Input data:

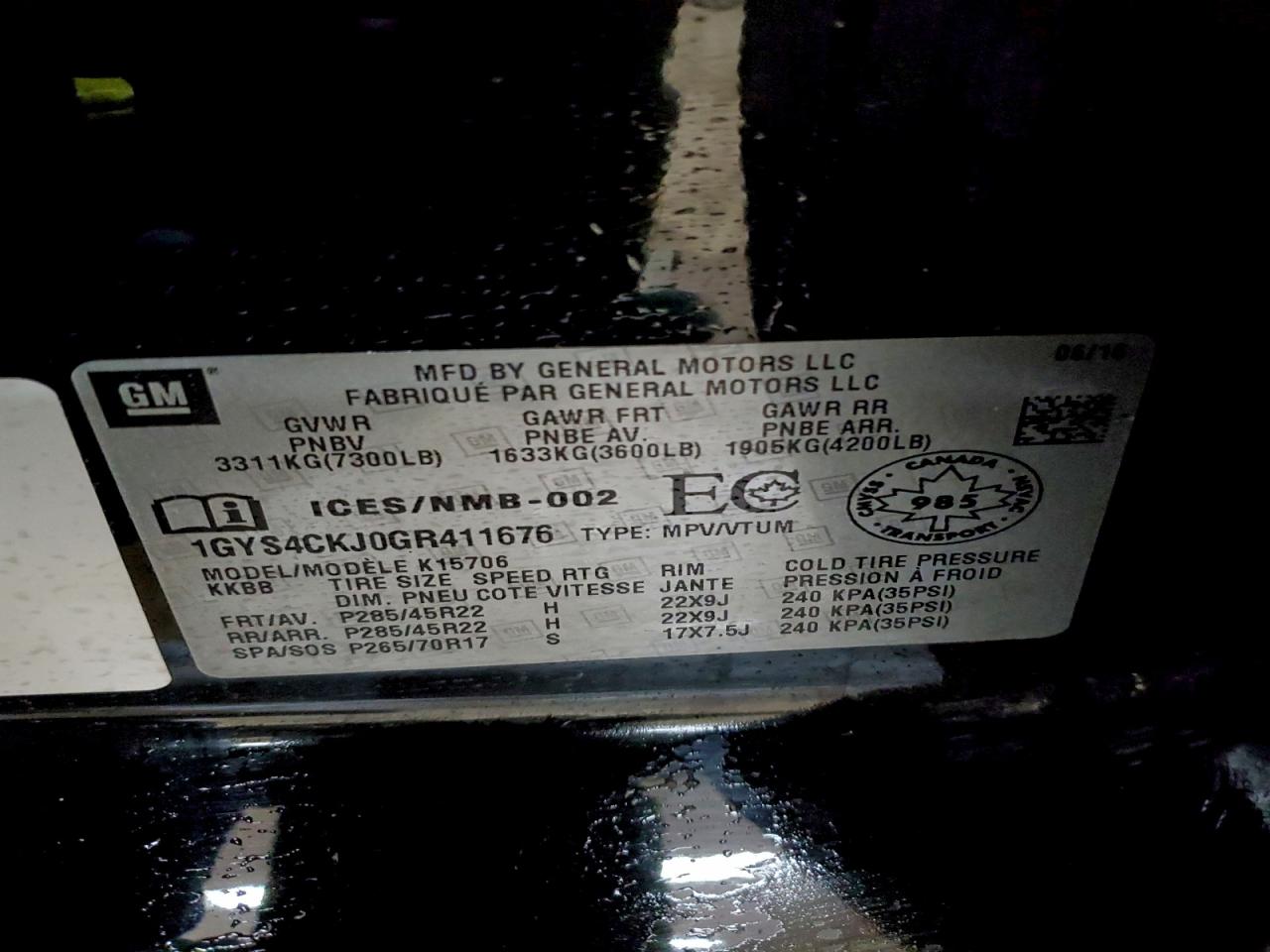 CADILLAC ESCALADE PREMIUM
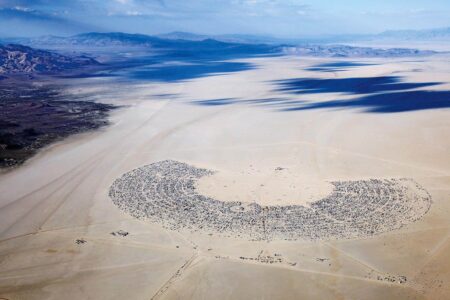 Fotos: NK Guy. Taschen. Del libro Art of Burning Man | burning_man pop_up_city roomdiseno4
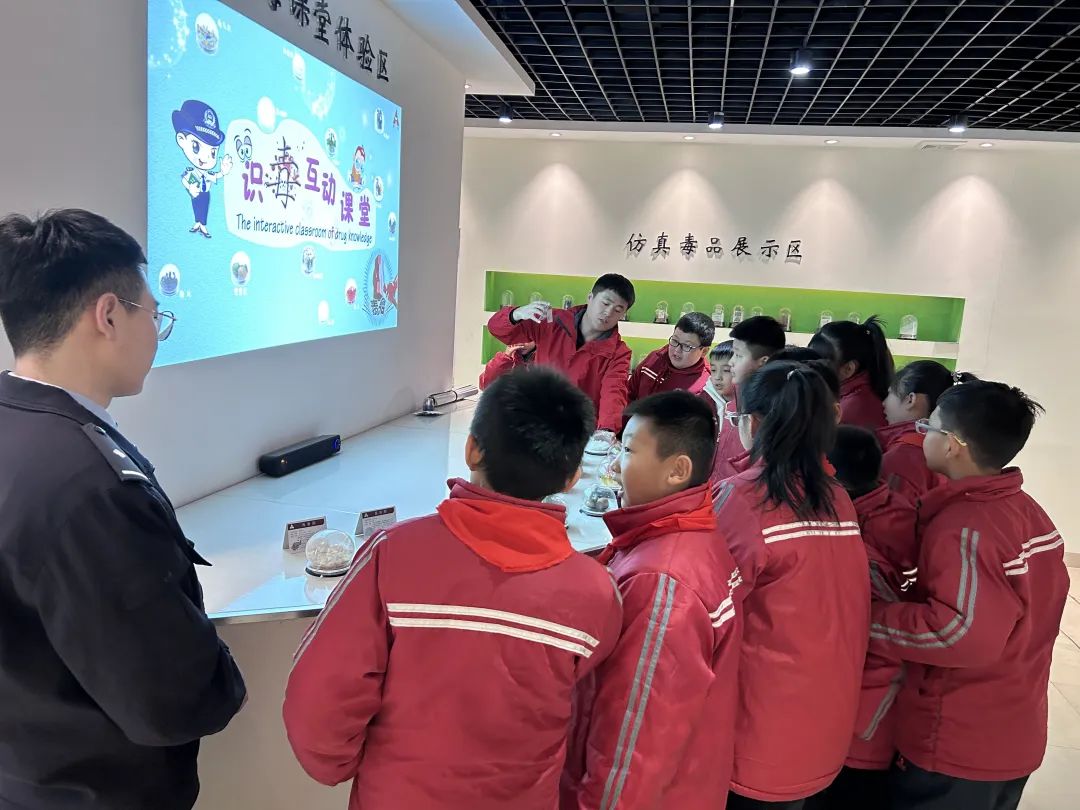 1703839908632011999.jpg 1703839908632011999.jpg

What is needed:
What is needed is an exact repetition of every line from the line with "Fotos: NK Guy." to the end of the data above, both ends included, with no pictures.

Exercise result:
 Fotos: NK Guy. Taschen. Del libro Art of Burning Man | burning_man pop_up_city roomdiseno4
 1703839908632011999.jpg 1703839908632011999.jpg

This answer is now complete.